MahaSiddha is a Sanskrit term that refers to greatly accomplished masters. It literally means great-adept, or accomplished meditator, but the term is used to speak about a specific group of people who lived during the 3rd-13th century. They brought forth a non-dual spirituality of such wisdom and splendor that it changed the history of Eastern spirituality. It was the MahaSiddhas who first practiced the Inner Tantras. Their historical effect has reached mythic porportions and they are acknowledged as the founders of many Buddhist lineages as well as Indian lineages. Yet the MahaSiddhas are not merely historical artifacts, the way of being and the way of spirituality of the MahaSiddhas has continued to the present day within our own lineage and within the minds of rare Masters who embody their essence.
Though many people speak of the MahaSiddhas as beings with magic, super-natural powers, their real magic was much more potent than any trick. Their magic was that of every day awareness in all kinds of real-life situations. The mythic style of Indian and Tibetan spiritual biography uses symbolic descriptions to point to the exemplary potency of the MahaSiddhas, making it sometimes difficult for the Western reader to access the essence of their stories. The essential story of the MahaSiddhas is that of ordinary people from all walks of life who encountered extraordinary realization. A shoe-maker, a widower, a monk, a lover, a beer-maker, a translator, two-sisters, a house-wife, a princess, politicians, servants, a sesame pounder, a hunter, a theif... they represent the story of human beings discovering the nature of mind and expressing that discovery in unlimited ways.
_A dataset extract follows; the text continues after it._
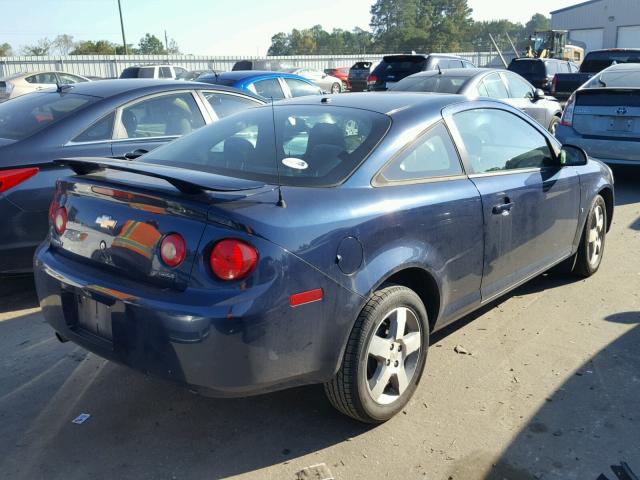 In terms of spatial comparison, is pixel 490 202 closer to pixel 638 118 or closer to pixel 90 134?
pixel 90 134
It was the extraordinary nature of the MahaSiddhas spiritual style that pivotally impacted Himalayan religious life. They broke with the religious heirarchy of ther time, and expressed a spirituality beyond cultural obsessions with purity, beyond fixations with social position (caste), and beyond institutionalized forms. The most compelling aspect of their spirituality was its simplicity, directness and precise expression within every domain of life. The Master Yogins and practitioners of this tradition were largely non-monastic and non-renunciate, viewing intimate relationship, body and work as valuable aspects of one's spiritual life. They were both female and male Masters, even though most historical documentation focuses on the men. Though the MahaSiddhas are symbolically referred to as the "84 MahaSiddhas," 84 is a symbolic number, there were actually many more and their lineage continues to this day.
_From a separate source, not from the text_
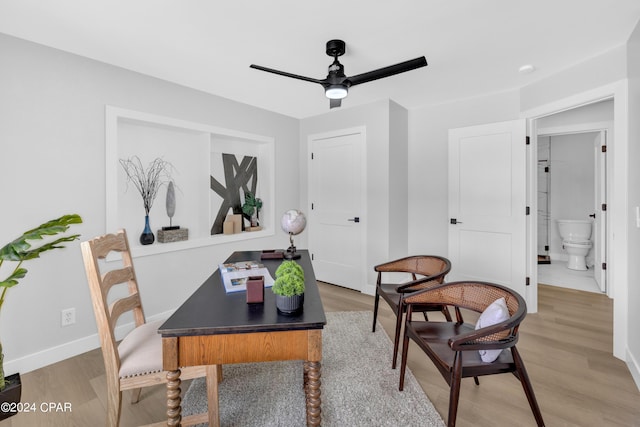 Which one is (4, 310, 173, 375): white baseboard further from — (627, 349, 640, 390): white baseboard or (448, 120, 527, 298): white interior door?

The core of the tradition is devoted discipleship in the path of the Inner Tantras, which express a path of transformation and self-liberation. This can be understood in contrast by looking at the Outer Tantras, which emphasize extensive ritual and purification, whereas the Inner Tantras are successively more simple, direct and are focused on the intrinsic purity of all things. The discipleship in this path is in relationship to a Root-Teacher, one's personal living Vajra Master, who serves as a guide to the nature of mind and the nature of reality. This relationship is the essential core of the MahaSiddha Tradition which has survived because of this succession of thorough transmission from Master to disciple.
The MahaSiddha tradition can be described in many ways, as Yogic Buddhism, as Tantra, as Tantra Yoga and as the Inner Tantras. Stripped of all terminology, it is essentially a way of being of awareness and the skillful activity that expresses that awareness.